COLLECTED DATA:
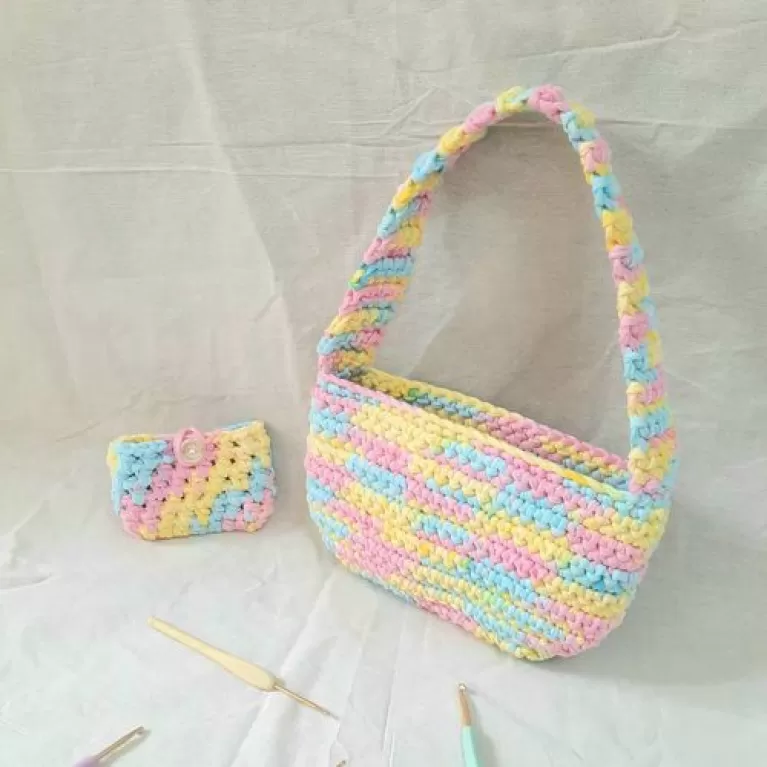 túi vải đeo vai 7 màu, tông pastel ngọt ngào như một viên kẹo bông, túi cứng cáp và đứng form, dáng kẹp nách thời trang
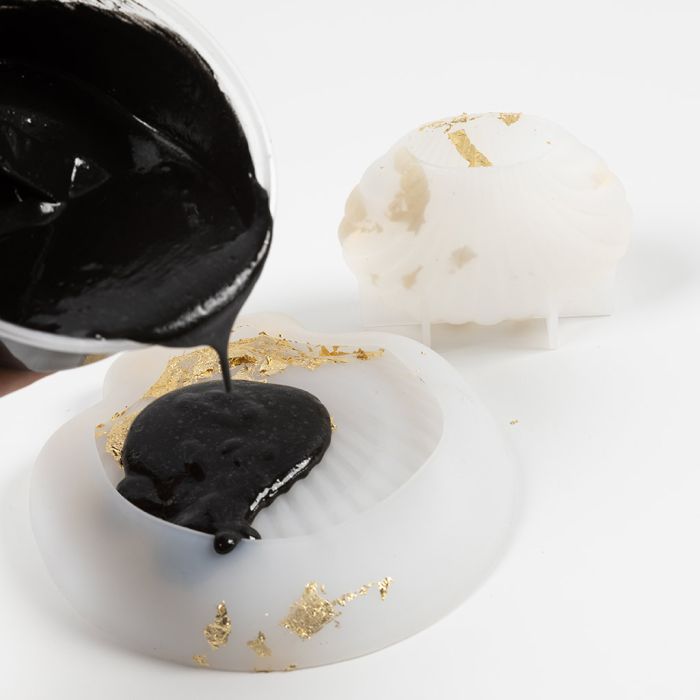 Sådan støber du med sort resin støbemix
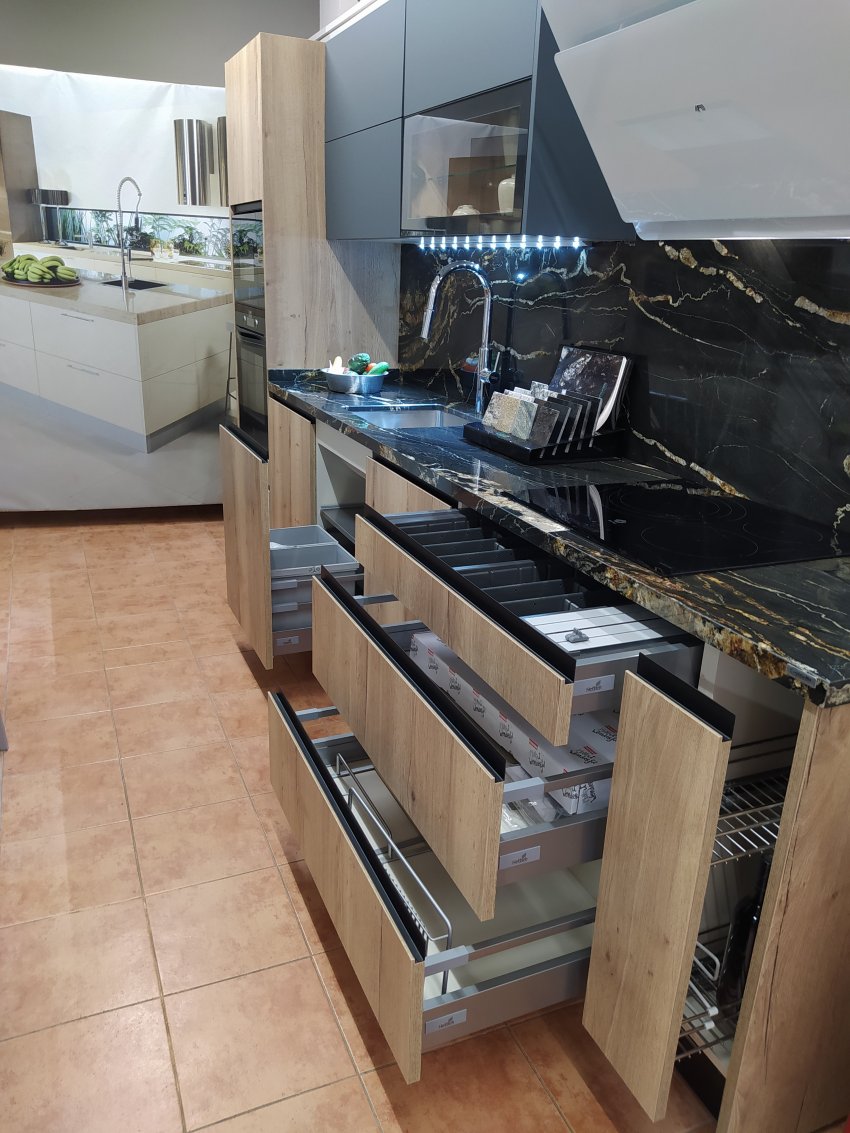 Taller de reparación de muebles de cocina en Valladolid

EXERCISE: Only the lines from the one containing "Sådan støber du med sort resin støbemix" through the final line of the data are to be written out, exactly as they stand and without pictures.

RESULT OF THE TASK:
 Sådan støber du med sort resin støbemix
 Taller de reparación de muebles de cocina en Valladolid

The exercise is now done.